Task – All lines in the material below that hold "Used" should be found and copied.

Extracted records Start Marker

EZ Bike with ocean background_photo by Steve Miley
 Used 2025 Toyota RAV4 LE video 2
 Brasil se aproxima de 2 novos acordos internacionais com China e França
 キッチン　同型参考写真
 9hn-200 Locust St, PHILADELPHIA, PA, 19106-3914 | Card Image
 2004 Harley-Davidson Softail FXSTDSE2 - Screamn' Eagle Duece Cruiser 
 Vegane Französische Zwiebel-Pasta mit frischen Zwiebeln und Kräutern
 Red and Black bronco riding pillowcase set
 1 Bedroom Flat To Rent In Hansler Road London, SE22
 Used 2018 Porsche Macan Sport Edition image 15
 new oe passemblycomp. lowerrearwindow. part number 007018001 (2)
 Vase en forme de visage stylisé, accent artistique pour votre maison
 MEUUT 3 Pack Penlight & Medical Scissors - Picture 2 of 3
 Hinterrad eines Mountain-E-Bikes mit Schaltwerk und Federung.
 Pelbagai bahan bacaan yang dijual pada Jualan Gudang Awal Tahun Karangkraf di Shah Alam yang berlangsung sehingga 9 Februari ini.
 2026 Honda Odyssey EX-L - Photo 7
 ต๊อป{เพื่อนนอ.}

Extracted records End Marker

Answer section –
 Used 2025 Toyota RAV4 LE video 2
 Used 2018 Porsche Macan Sport Edition image 15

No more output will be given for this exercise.